MXene is a new family of two-dimensional transition metal carbides/carbonitrides, which were produced by the selective etching of A layers from MAX phases.¹⁷ It has a general formula of M_n+1X_nT_x (n = 1–3), where M represents an early transition metal, X denotes carbon and/or nitrogen, and T_x stands for the surface terminations (hydroxyl, oxygen, or fluorine).¹⁸ The inherent high conductivity and hydrophilic surfaces make MXene receiving intensive attention in various fields, including energy storage,^19,20 energy conversion,^21,22 water purification,²³ electromagnetic interference,²⁴ and so on. In comparison to carbon supports, MXene not only processes high conductivity and high surface area, but also has massed surface terminations (hydroxyl, oxygen, or fluorine),¹⁸ which could introduce further interactions between FeNC and the substrate. Recently, a twofold ORR activity improvement was reported by introducing multilayered MXene as the support for iron phthalocyanine (FePc) macrocycles, which also revealed that the interaction between FeN₄ and MXene led to an easier oxygen adsorption and reduction on FeN₄ sites.¹⁶ Therefore, exploring new synthesis strategies and new hybrid structure for MXene-supported FeNC catalysts is of great interest to investigate the interaction between FeNC and MXene support and thus further enhance ORR performances.

Herein, highly-dispersed MXene nanosheet was used as the support to composite FeNC, and a novel FeNC/MXene hybrid nanosheet was, for the first time, synthesized through the pyrolysis of a simple Fe inorganic salt, N precursor and MXene nanosheets. The MXene serves as the catalyst support rendering a unique two-dimensional platform and excellent electronic channels, while the rugged FeNC coating closely attached on the surface of MXene provides sufficient ORR active centres, making it a good catalyst for electrocatalysis. The resulted FeNC/MXene hybrid nanosheet exhibited excellent ORR activity with a half-wave potential of 0.814 V versus RHE. More impressively, this hybrid nanosheet presented a superb durability, with only 2.6% decay after a 20 000 s continuous test, much better than the 15.8% degradation for the commercial Pt/C catalyst.

Experimental

Synthesis of Ti₃AlC₂ and Ti₃C₂T_x MXene

Ti₃AlC₂ was synthesized by following our previous method.²⁵ 1 g Ti₃AlC₂ power was immersed into 20 ml 40% HF solution, stirring for 72 h to obtain the multilayered Ti₃C₂T_x powder (Fig. S1†), and then treated with tetrapropylammonium hydroxide (TPAOH, Tianjin Guangfu Fine Chemical Research Institute) for 18 h under stirring, washed and collected. The Ti₃C₂T_x MXene nanosheet solution was prepared by the sonication of TPAOH-treated multilayer Ti₃C₂T_x powders in DI water, followed by centrifuging at 3000 rpm for 10 min and collecting the supernatant. The resultant colloidal solution was freeze-dried (−80 °C, < 1 mbar) for 3 days and collected.

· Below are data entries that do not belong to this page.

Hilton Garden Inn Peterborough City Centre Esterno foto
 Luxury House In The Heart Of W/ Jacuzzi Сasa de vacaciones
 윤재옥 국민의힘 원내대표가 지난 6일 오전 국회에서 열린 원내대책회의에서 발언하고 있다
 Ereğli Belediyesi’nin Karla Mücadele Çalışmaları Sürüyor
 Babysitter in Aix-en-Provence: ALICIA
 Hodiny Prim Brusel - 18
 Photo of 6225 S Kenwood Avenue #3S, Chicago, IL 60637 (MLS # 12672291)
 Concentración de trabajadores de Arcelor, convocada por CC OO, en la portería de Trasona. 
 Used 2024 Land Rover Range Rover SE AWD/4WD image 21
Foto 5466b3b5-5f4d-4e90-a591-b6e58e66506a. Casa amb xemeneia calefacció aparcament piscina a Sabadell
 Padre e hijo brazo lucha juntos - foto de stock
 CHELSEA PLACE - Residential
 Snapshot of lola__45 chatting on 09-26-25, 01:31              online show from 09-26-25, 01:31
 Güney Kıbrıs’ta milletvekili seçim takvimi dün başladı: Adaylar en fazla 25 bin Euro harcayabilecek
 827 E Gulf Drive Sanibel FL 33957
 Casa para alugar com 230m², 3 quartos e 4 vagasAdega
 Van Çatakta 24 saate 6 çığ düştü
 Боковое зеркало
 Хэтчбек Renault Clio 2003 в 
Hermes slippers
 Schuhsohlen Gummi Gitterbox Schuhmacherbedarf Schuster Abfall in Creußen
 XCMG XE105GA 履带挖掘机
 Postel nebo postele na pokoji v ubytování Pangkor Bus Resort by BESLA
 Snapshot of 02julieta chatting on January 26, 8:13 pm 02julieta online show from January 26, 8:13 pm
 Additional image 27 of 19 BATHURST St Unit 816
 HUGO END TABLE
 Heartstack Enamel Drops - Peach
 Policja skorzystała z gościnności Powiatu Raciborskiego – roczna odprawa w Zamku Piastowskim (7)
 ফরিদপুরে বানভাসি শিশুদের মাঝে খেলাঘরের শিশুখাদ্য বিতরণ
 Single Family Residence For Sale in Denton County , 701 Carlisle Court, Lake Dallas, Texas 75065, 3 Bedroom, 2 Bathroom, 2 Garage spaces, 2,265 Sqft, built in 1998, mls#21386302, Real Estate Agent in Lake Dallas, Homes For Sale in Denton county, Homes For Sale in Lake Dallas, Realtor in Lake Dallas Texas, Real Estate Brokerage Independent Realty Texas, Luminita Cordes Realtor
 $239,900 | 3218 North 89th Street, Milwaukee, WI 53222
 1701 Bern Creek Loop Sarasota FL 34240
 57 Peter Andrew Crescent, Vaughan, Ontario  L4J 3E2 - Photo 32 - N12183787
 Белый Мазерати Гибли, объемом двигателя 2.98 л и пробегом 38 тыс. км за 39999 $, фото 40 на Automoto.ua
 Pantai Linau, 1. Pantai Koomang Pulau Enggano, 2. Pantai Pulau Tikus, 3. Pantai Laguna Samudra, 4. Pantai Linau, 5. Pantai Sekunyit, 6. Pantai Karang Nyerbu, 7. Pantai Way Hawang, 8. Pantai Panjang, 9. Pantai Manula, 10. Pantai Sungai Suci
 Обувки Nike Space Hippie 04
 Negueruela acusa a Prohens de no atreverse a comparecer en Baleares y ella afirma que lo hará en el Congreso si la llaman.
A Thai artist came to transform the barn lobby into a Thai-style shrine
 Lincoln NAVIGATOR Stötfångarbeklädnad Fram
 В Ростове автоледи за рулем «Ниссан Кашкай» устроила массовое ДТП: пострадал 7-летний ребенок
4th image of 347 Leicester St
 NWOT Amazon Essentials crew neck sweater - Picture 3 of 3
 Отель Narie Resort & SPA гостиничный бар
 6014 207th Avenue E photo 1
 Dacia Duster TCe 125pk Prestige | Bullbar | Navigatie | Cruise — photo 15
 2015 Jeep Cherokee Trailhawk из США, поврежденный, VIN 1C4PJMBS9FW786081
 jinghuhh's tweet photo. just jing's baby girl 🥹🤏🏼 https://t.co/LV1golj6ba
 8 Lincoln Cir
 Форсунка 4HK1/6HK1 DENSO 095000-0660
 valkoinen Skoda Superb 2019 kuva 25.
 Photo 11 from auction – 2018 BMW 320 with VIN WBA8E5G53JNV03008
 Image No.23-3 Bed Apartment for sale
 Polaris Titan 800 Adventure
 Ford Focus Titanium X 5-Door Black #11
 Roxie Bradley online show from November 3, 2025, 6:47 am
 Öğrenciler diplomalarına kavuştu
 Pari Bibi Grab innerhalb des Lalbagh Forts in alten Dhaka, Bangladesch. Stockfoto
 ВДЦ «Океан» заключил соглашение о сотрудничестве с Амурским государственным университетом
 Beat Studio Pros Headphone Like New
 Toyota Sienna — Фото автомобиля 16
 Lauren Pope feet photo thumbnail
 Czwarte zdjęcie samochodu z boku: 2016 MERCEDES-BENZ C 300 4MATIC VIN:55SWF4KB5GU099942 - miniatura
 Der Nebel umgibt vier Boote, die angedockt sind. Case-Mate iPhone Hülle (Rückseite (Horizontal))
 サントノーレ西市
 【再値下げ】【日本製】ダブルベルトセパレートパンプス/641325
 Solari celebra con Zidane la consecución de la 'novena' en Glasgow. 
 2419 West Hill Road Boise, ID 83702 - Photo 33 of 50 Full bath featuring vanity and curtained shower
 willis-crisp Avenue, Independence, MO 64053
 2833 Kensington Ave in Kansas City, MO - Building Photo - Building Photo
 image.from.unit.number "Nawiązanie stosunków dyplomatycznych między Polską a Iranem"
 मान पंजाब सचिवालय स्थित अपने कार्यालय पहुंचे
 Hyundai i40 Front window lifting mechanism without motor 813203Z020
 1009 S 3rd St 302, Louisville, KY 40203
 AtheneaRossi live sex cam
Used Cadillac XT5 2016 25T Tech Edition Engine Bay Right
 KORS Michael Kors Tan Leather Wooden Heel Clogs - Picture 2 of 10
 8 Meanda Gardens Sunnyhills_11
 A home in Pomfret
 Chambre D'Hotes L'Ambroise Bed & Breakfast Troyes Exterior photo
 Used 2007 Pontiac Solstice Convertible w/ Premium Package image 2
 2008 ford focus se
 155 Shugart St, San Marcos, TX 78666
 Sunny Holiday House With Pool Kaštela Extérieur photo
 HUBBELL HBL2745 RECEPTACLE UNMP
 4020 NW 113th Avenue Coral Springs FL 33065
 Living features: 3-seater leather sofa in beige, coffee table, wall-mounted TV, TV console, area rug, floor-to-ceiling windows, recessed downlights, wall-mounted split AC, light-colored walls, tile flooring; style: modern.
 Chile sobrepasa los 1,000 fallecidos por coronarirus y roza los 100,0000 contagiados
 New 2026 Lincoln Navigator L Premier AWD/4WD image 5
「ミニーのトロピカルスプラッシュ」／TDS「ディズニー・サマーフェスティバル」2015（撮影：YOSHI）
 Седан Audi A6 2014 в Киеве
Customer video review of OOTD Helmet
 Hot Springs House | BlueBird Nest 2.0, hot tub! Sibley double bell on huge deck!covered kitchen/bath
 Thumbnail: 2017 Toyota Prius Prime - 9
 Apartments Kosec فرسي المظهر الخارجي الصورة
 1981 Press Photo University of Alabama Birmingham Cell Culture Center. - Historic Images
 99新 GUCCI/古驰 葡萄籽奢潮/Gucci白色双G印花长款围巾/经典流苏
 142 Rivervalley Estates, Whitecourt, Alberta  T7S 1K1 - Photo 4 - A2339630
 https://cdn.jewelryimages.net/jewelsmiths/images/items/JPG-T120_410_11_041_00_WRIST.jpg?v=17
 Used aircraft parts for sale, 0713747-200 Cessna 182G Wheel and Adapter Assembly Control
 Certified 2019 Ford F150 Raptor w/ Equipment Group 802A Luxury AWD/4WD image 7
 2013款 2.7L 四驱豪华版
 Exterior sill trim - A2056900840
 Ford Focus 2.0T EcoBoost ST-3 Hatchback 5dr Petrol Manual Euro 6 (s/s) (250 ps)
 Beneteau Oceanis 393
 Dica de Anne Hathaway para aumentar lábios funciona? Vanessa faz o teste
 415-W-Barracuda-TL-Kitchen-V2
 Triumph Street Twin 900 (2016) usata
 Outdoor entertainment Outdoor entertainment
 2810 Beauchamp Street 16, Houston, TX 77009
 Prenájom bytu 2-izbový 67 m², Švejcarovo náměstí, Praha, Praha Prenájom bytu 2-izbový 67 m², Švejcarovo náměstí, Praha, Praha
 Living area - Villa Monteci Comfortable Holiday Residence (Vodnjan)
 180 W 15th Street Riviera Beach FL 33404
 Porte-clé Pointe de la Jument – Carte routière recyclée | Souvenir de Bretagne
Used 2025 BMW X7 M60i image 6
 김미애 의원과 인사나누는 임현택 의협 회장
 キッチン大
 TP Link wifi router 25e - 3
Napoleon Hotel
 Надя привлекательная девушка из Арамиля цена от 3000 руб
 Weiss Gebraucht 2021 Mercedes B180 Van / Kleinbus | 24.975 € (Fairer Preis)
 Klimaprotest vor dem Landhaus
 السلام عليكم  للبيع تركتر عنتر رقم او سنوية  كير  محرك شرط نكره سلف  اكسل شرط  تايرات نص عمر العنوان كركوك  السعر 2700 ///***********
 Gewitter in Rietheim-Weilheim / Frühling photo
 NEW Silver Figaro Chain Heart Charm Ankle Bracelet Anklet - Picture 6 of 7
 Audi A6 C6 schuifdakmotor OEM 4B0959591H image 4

Synthesis of FeNC/MXene hybrid nanosheet

17.4 mg ferrous acetate and 70.4 mg 1,10-phenanthroline monohydrochloride monohydrate (with a fixed Fe/N molar ratio of 1/6) were first dispersed in 10 ml ethanol and stirred for 30 min to get a homogeneous solution. Next, 100 mg Ti₃C₂T_x MXene nanosheets were added into the solution and stirred for 15 h in an oil bath at 60 °C. The resultant suspension was collected by a rotary evaporation process and the FeNC/MXene hybrid nanosheet was obtained by pyrolysis at 800 °C under argon with a heating rate of 5 °C min⁻¹. The as-prepared hybrid nanosheet was labeled as FeNC/MXene-1. A series of FeNC/MXene were synthesized to investigate the different FeNC loadings by changing the mass ratios of iron precursor and MXene, labelled as FeNC/MXene-x. For example, FeNC/MXene-0.5 represents that the mass amount of iron precursor in FeNC/MXene-0.5 was halved than the FeNC/MXene-1.

Characterizations

The structure and morphology of as-prepared catalysts were characterized by scanning electron microscopy (SEM, Hitachi SU8010, Japan), transmission electron microscopy (TEM, JEM 2100 LaB6, Japan), powder X-ray diffractometer analysis (XRD, Bruker D8 Advance instrument, Germany) with a 2θ angular range of 5–65°, and Raman spectroscopy (HORIBA LabRAM HR Evolution, France) with a 633 nm excitation wavelength. X-ray photoelectron spectroscopy (XPS) was conducted on a PHI5000 Versaprobe system (Japan) equipped with an Al Kα X-ray source, and the binding energies were calibrated to C1s peak at 285.0 eV. The N₂ sorption isotherms were performed on an ASAP2460 Surface Area and Porosity Analyzer (Micromeritics, USA).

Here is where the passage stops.